**PROBLEM TO WORK ON**
Please copy exactly the part of the records below that opens with the line containing "Alaşehir'de yükümlü ve" and closes with the line containing "2024 Toyota Corolla LE - Photo 9", leaving out any pictures.

**SOURCE MATERIAL**
******************************
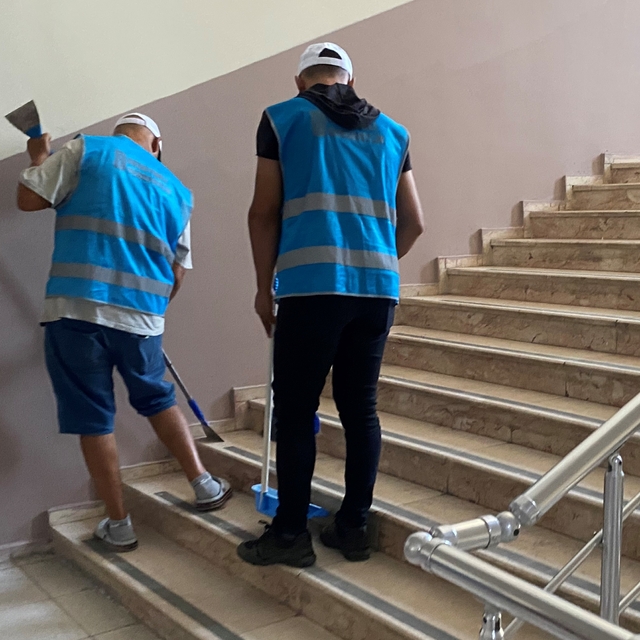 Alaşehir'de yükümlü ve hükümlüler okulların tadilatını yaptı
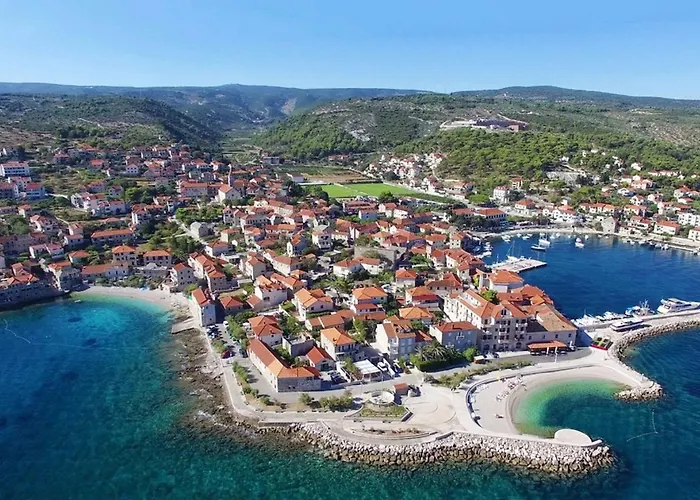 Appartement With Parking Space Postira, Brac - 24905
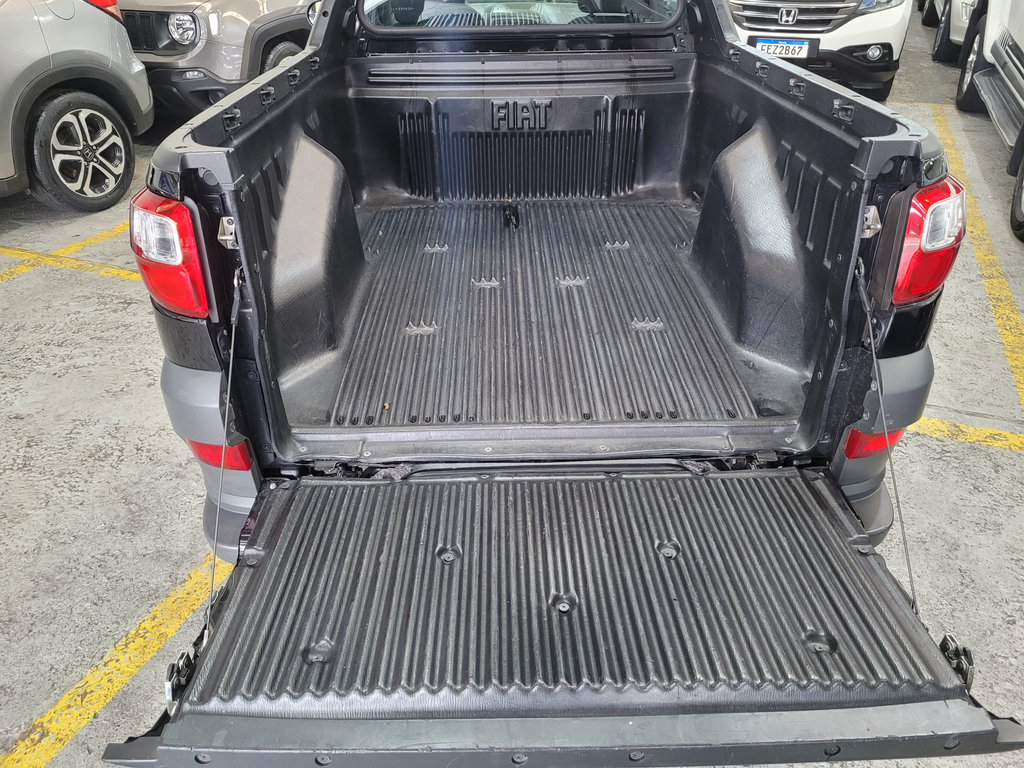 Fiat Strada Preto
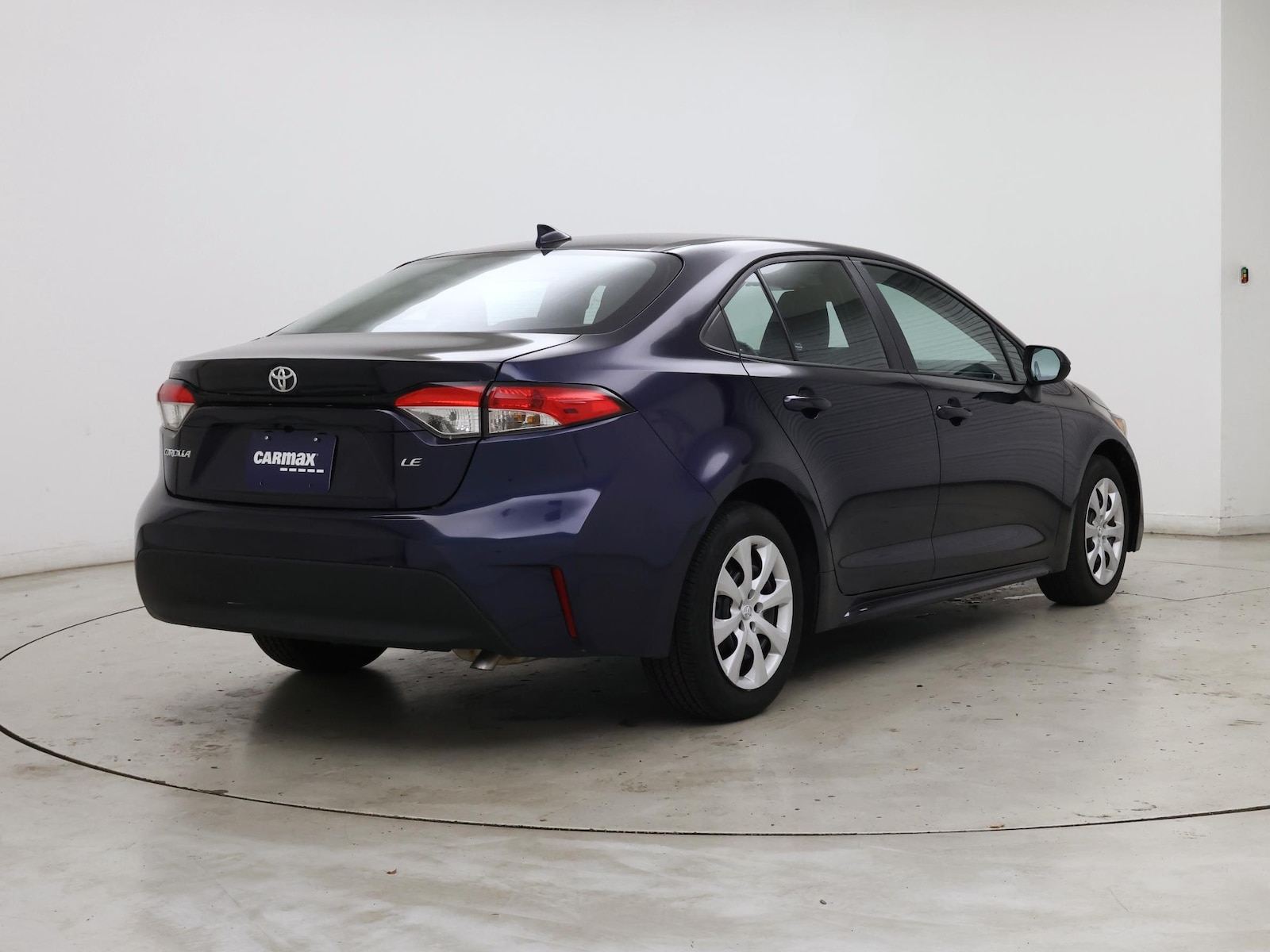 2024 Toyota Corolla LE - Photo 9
******************************
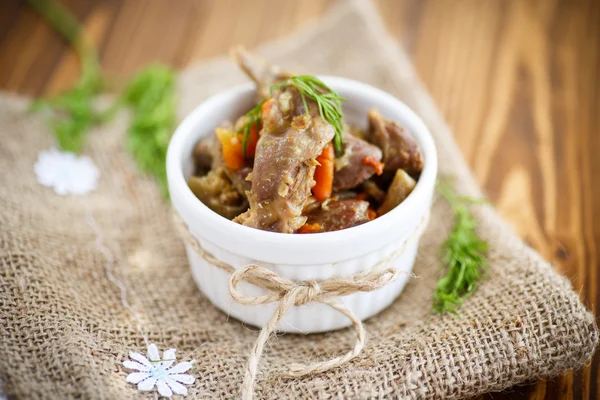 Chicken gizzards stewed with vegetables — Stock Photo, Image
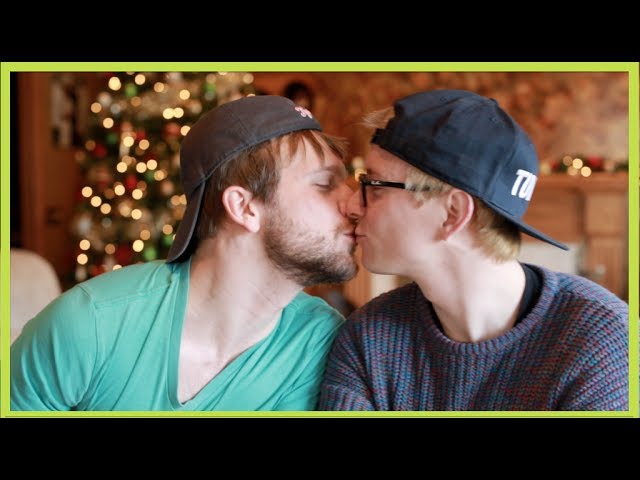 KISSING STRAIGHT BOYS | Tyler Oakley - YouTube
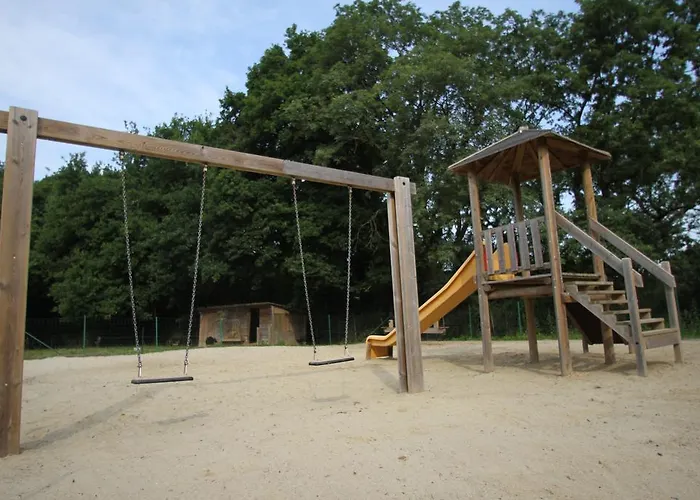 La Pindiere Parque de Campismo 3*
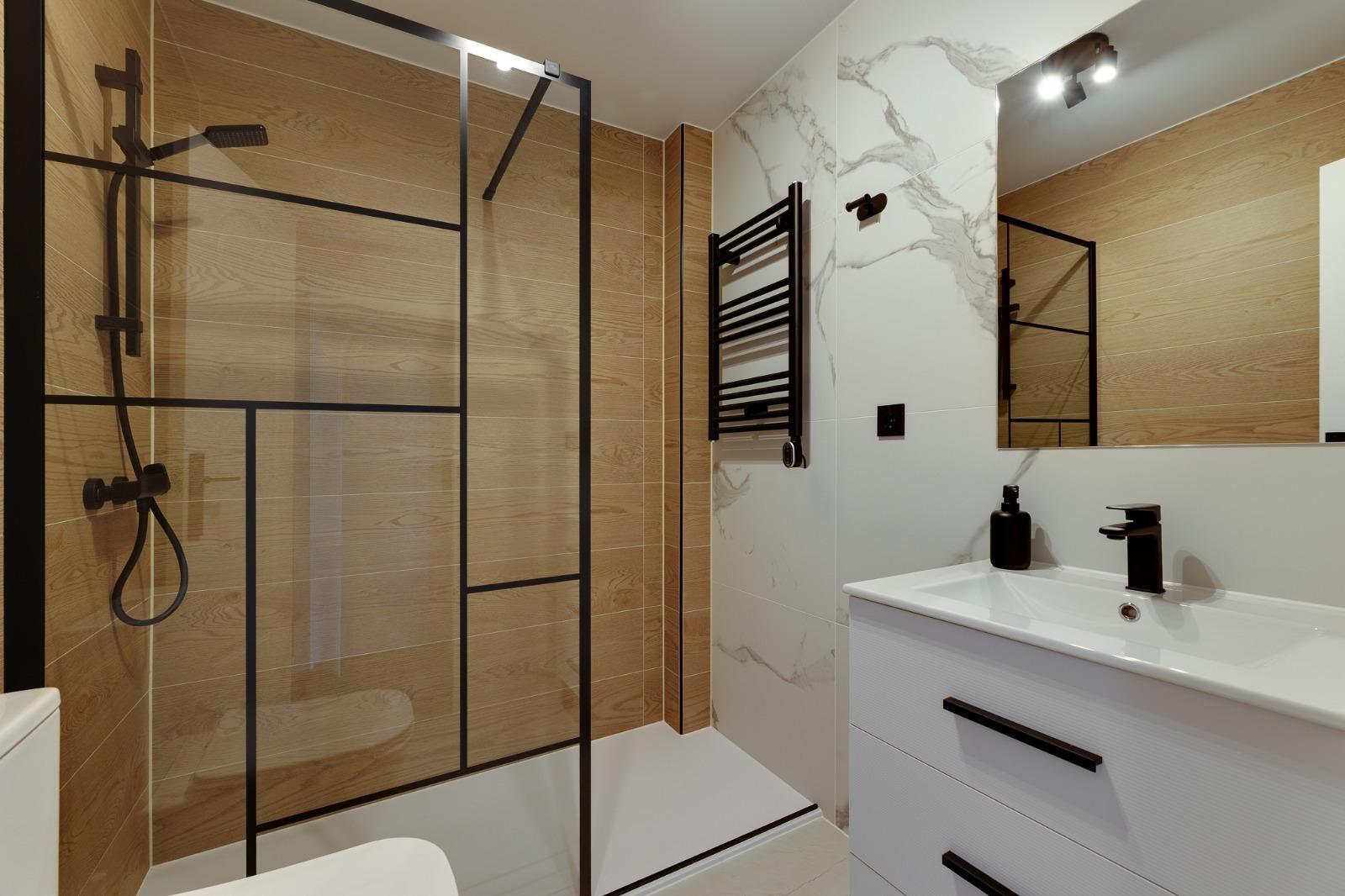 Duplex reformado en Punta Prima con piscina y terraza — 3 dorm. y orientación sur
******************************
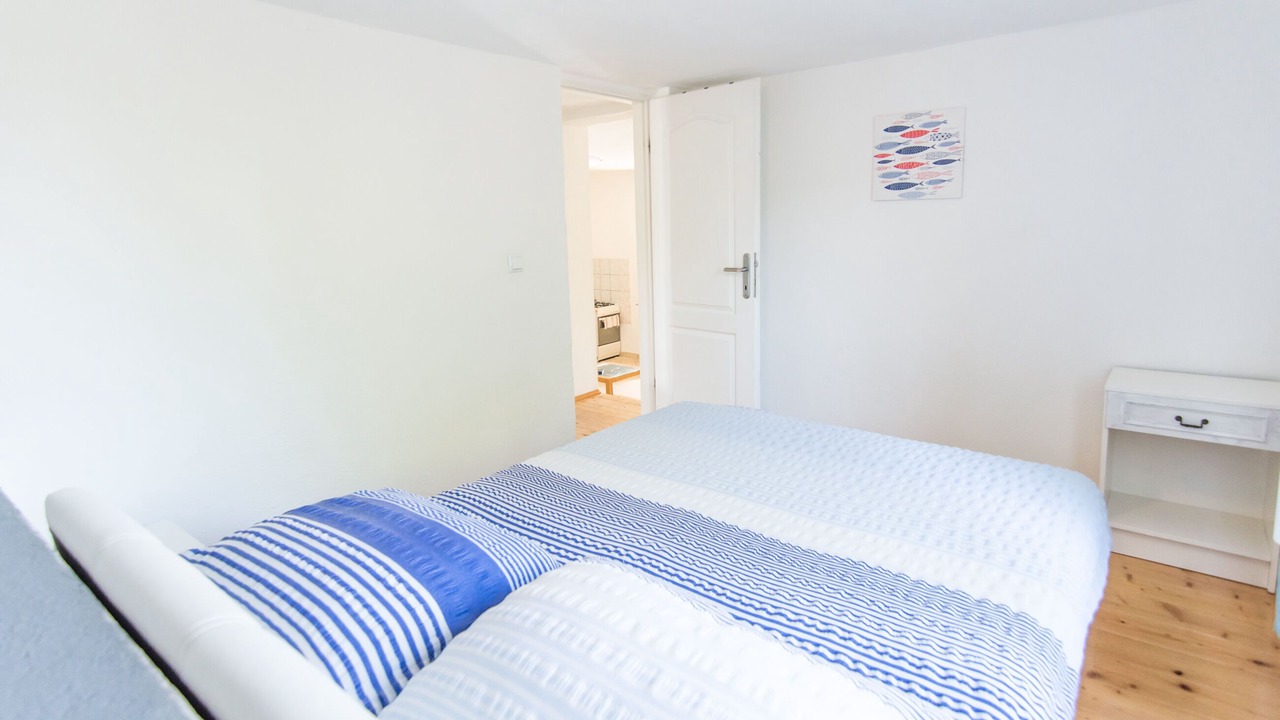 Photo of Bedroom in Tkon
******************************
**EXPECTED ANSWER**
 Alaşehir'de yükümlü ve hükümlüler okulların tadilatını yaptı
 Appartement With Parking Space Postira, Brac - 24905
 Fiat Strada Preto
 2024 Toyota Corolla LE - Photo 9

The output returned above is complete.